▶ **Supplied records**:

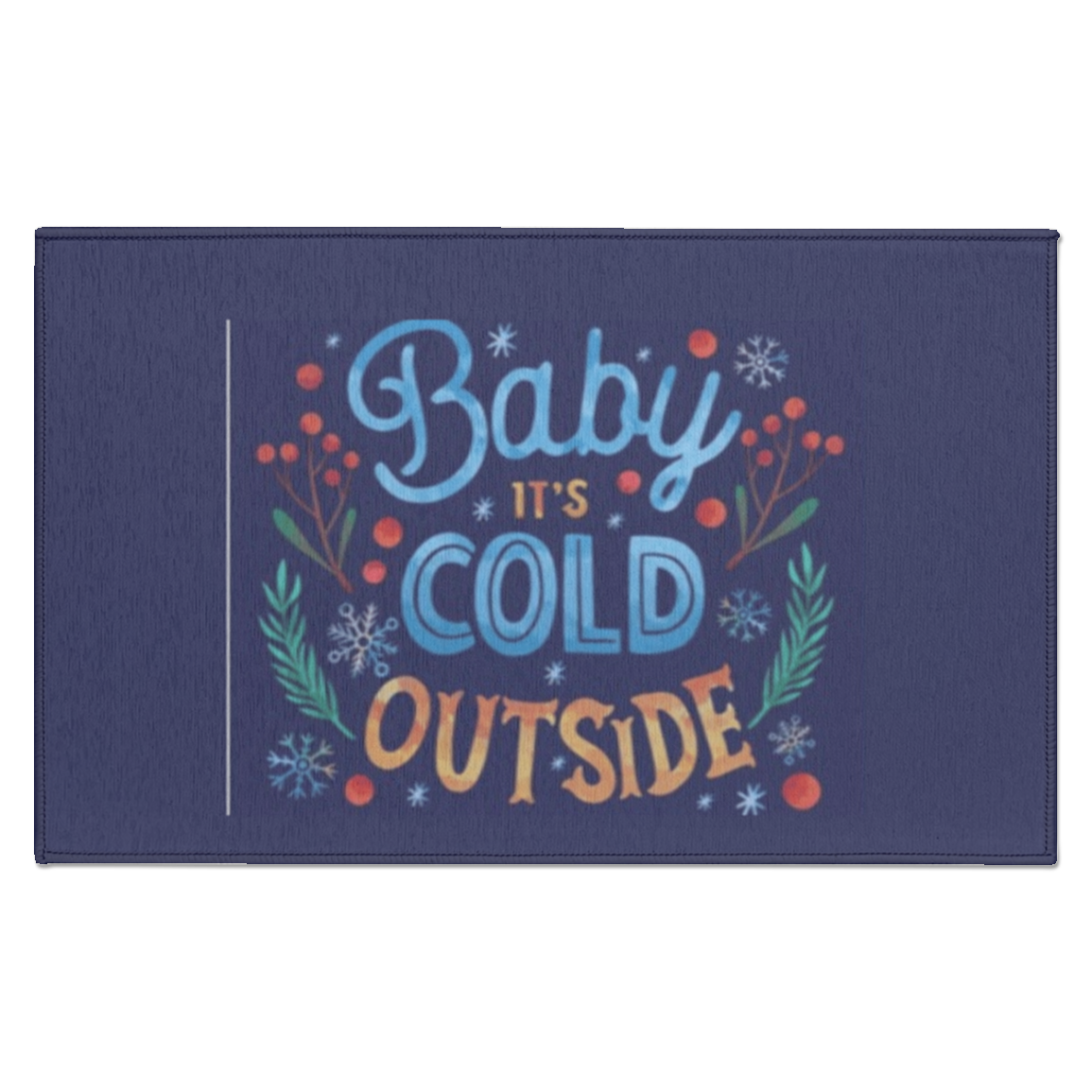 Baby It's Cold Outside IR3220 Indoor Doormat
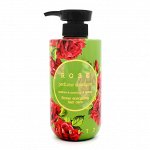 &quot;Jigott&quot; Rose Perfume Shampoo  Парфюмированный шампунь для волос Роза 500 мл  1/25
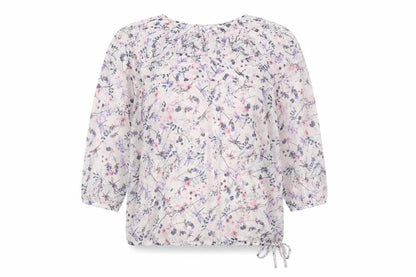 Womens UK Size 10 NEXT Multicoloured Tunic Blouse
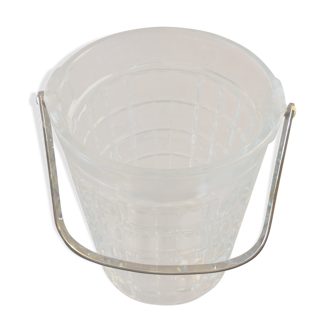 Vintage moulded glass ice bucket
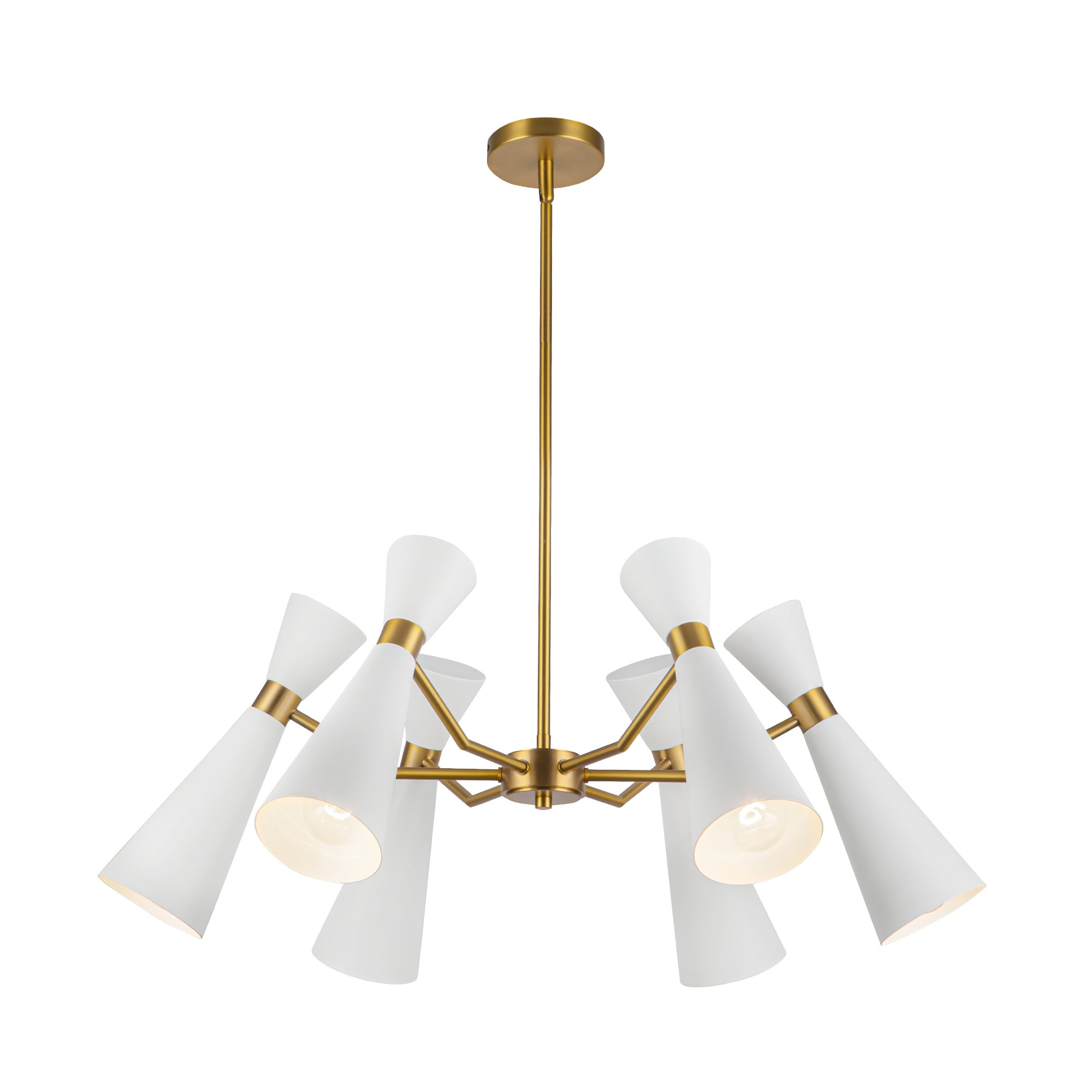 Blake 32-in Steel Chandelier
* * *
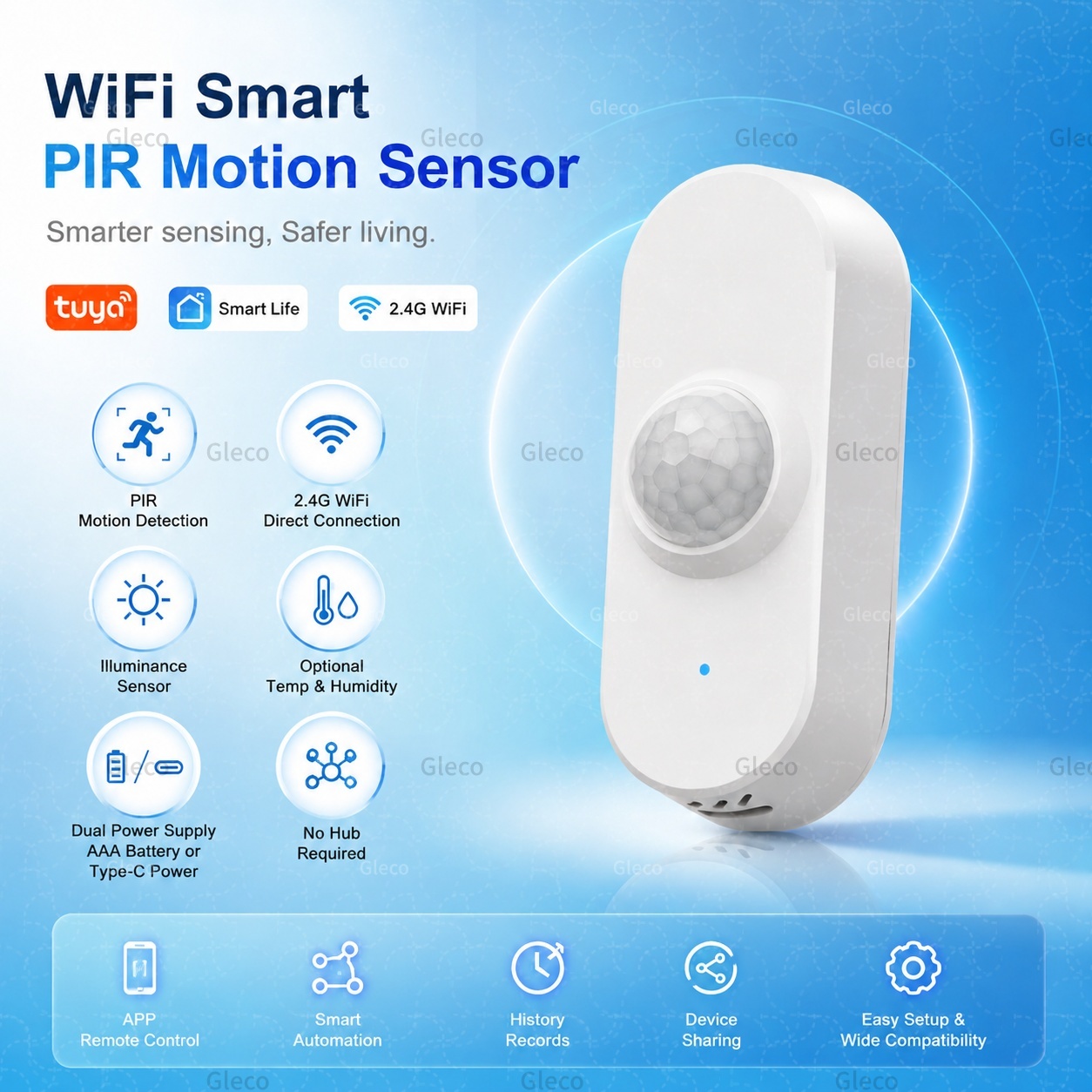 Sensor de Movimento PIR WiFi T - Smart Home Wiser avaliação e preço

▶ **Required work**: Everything from the line above that contains "Baby It's Cold Outside IR3220 Indoor Doormat" down to the line that contains "Blake 32-in Steel Chandelier" must be reproduced exactly, both ends included. Omit the pictures.

▶ **Worked solution**:
 Baby It's Cold Outside IR3220 Indoor Doormat
 &quot;Jigott&quot; Rose Perfume Shampoo  Парфюмированный шампунь для волос Роза 500 мл  1/25
 Womens UK Size 10 NEXT Multicoloured Tunic Blouse
 Vintage moulded glass ice bucket
 Blake 32-in Steel Chandelier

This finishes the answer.